Siegen: Forschungsteam der Universität will Senioren Zugang zu digitaler Technik ebnen

Digitale Medien und Produkte hätten dabei das Potenzial, „ältere Menschen im Alltag zu unterstützen und ihr Wohlbefinden zu erhöhen“, schreibt die Uni in einer Mitteilung. „Das fängt bei Messengerdiensten an, mit denen schnell mit Angehörigen kommuniziert werden kann. Darüber hinaus können das auch Haushaltshelfer wie Staubsaugerroboter sein bis hin zu digitaler Blutdrucküberwachung oder digitaler Blutzuckermessung“, sagt Claudia Müller. Im aktuellen europäischen Forschungsprojekt ACCESS (Englisch für „Zugang“) erforscht sie, warum viele ältere Menschen digitale Geräte nicht nutzen, welche sozialen, ökonomischen und räumlichen Hindernisse bestehen und wie Barrieren – Unsicherheit vor Veränderung, fehlende soziale Kontakte, nicht vorhandene technische Voraussetzungen – abgebaut werden können.

Forschungspartner

Bei dem Projekt arbeiten die Juniorprofessur Wirtschaftsinformatik/IT für die alternde Gesellschaft, die Institute für Gerontologie und Soziologie der Universität Wien, die School of Educational Sciences and Psychology, die University of Eastern Finnland, das Istituto Nazionale di Riposo e Cura per Anziani und das Deutsche Institut für Japanstudien zusammen.
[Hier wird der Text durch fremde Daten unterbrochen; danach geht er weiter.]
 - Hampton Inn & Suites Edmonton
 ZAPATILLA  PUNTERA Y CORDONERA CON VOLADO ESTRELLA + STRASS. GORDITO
Die Joint Programming Initiative (JPI) „More Years, Better Lives“ wird von J-Age II unterstützt. J-Age II wird durch das EU-Rahmenprogramm für Forschung und Innovation Horizon2020 finanziert. Die Förderungssumme beträgt rund 890.000 Euro.

Im Rahmen des auf drei Jahre angelegten Projekts beschäftigen sich Claudia Müller und ihr Team nicht bloß mit der Frage, welche digitalen Technologien ältere Menschen im Alltag unterstützen können. „Dreh- und Angelpunkt ist die Frage, wie sich Senioren Technik einfacher aneignen können und einen gewissen Grad an digitaler Kompetenz erlangen“, heißt es weiter. Im Vordergrund stünden die Bedürfnisse der Nutzer. „Ältere Menschen werden in den Prozess einbezogen und digitale Lösungen in ihrem Alltag getestet – sie werden zu Mitentwicklern“, wie den Ausführungen zu entnehmen ist. Das wiederum erfordere eine „gute und vertrauensvolle Beziehung“, womit das Team „weitaus mehr Fähigkeiten als nur technisches Wissen“, brauche.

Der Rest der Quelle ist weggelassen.